-- RECORD SET follows --
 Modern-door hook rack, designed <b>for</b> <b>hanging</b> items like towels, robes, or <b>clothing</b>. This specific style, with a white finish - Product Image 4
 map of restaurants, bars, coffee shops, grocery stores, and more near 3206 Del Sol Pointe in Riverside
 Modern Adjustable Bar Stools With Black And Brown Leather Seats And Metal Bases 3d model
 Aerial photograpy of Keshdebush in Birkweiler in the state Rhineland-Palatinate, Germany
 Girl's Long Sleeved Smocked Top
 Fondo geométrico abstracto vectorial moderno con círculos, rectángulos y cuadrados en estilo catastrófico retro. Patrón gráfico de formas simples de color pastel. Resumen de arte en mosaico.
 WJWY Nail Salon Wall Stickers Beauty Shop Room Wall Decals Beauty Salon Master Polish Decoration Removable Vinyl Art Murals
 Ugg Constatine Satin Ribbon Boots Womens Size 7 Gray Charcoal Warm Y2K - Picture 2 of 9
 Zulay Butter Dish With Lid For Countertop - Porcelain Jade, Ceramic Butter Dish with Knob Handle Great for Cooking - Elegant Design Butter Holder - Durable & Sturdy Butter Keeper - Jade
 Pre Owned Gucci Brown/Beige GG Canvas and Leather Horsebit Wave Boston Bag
-- RECORD SET concluded --
-- RECORD SET follows --
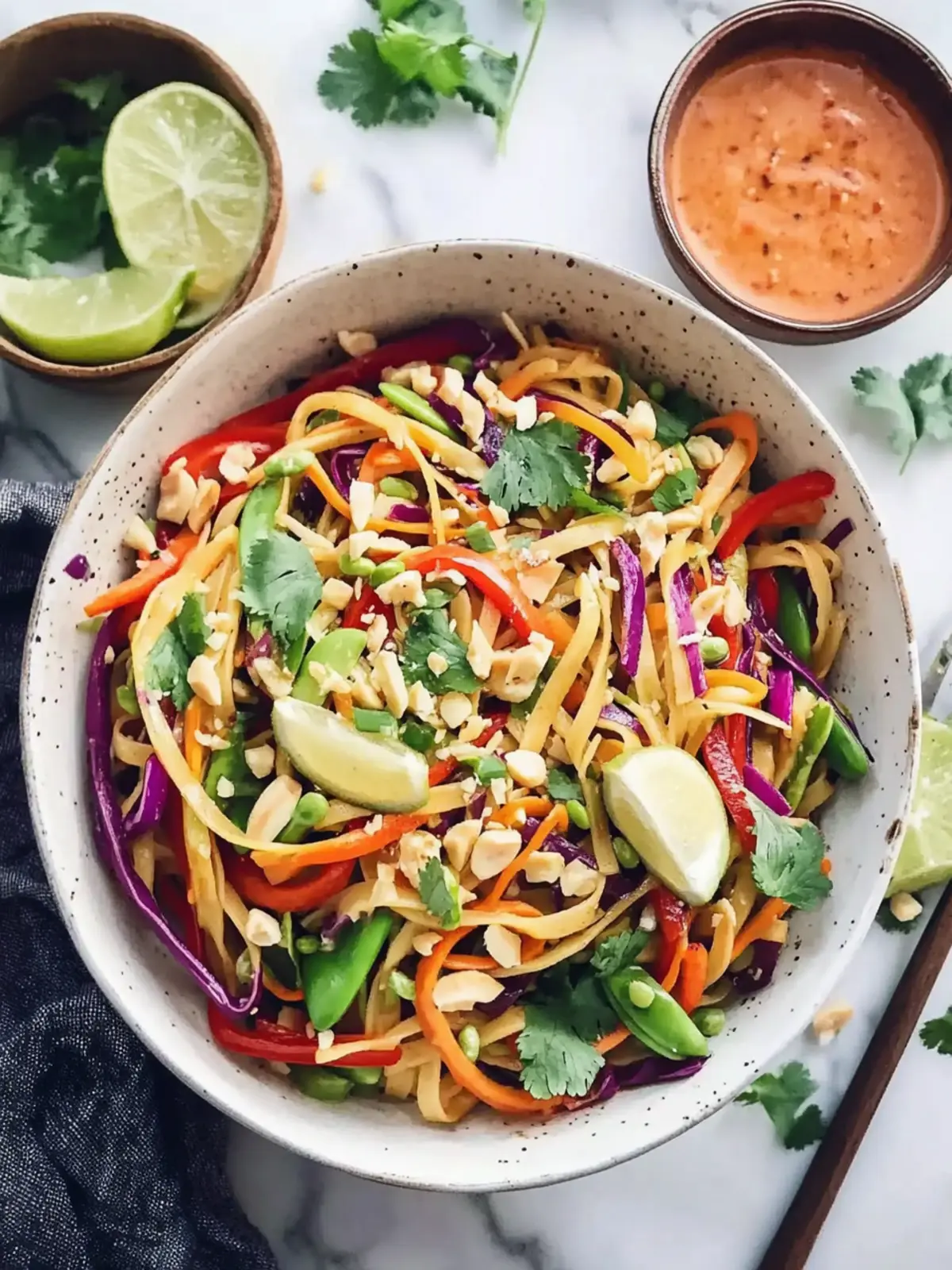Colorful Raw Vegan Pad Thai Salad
-- RECORD SET concluded --
- **TASK**: Going through the listing above, copy out every line that has the string "Leather".

- **RESULT**:
 Modern Adjustable Bar Stools With Black And Brown Leather Seats And Metal Bases 3d model
 Pre Owned Gucci Brown/Beige GG Canvas and Leather Horsebit Wave Boston Bag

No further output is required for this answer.